By Saurabh Chaturvedi
SINGAPORE--DBS Group Holdings Ltd., Singapore's biggest lender, on Monday reported a 21% rise in its first quarter net profit, helped by higher net interest income and non-interest income amid growth in loans.
Net profit in the March quarter was 1.51 billion Singapore dollars (US$1.14 billion), compared with S$1.25 billion in the same period last year.
DBS was expected to post a net profit of S$1.41 billion, according to estimates on FactSet.
Net interest income rose to S$2.13 billion from S$1.83 billion a year ago as the bank's net interest margin grew to 1.83% in the first three months from 1.74%. Customer loans during the quarter rose 10% from a year ago to S$328.22 billion.

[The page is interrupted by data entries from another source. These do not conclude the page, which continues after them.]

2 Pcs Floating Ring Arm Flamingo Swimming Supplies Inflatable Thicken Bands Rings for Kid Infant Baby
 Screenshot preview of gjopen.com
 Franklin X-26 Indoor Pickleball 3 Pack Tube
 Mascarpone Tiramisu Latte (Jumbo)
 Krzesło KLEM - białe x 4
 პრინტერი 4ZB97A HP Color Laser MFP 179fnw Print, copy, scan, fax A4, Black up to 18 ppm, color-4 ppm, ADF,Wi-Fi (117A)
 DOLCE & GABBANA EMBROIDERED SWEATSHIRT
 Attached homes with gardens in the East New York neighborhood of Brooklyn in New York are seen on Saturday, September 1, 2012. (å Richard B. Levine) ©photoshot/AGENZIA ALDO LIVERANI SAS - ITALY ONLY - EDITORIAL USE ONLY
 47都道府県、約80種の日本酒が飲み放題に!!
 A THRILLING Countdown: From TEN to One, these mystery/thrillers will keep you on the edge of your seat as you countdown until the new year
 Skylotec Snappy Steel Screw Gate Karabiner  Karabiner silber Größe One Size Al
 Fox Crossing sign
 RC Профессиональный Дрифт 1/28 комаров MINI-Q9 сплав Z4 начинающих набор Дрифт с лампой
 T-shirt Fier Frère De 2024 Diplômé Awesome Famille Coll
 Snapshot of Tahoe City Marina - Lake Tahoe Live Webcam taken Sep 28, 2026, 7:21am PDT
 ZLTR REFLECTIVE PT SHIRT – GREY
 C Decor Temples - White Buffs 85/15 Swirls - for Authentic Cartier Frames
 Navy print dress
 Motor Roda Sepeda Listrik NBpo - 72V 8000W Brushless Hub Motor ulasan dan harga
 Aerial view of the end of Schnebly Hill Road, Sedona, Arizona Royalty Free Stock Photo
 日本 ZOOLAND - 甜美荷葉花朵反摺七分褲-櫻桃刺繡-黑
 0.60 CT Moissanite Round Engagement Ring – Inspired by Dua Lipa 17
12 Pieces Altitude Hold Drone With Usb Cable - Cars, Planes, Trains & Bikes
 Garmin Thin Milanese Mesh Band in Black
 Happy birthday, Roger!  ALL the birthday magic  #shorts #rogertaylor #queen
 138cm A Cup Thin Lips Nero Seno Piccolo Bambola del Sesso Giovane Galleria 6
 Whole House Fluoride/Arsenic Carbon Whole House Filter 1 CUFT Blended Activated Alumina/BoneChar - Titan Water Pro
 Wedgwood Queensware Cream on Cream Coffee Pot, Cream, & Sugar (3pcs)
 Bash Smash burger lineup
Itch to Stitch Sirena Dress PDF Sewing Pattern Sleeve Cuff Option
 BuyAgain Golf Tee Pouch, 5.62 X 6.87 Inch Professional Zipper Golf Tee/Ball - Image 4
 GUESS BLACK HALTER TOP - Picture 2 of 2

Income from fees and commissions grew 12% on year to S$744 million. Total income from operations was at S$3.36 billion from S$2.89 billion in the first quarter of last year.
Expenses rose 12% to about S$1.40 billion from S$1.25 billion a year ago, DBS said.
The bank's ratio of nonperforming loans rose to 1.6% in the first quarter versus 1.4% last year. It was at 1.7% in the fourth quarter of last year.
While keeping a watchful eye on potential geopolitical trade tensions, DBS Group Chief Executive Piyush Gupta said he expects the region's economic fundamentals to remain sound, something that bodes well for the lender's loan growth outlook.
"Our pipeline is healthy and we expect to continue capturing business opportunities and delivering shareholder returns in the coming year," he added.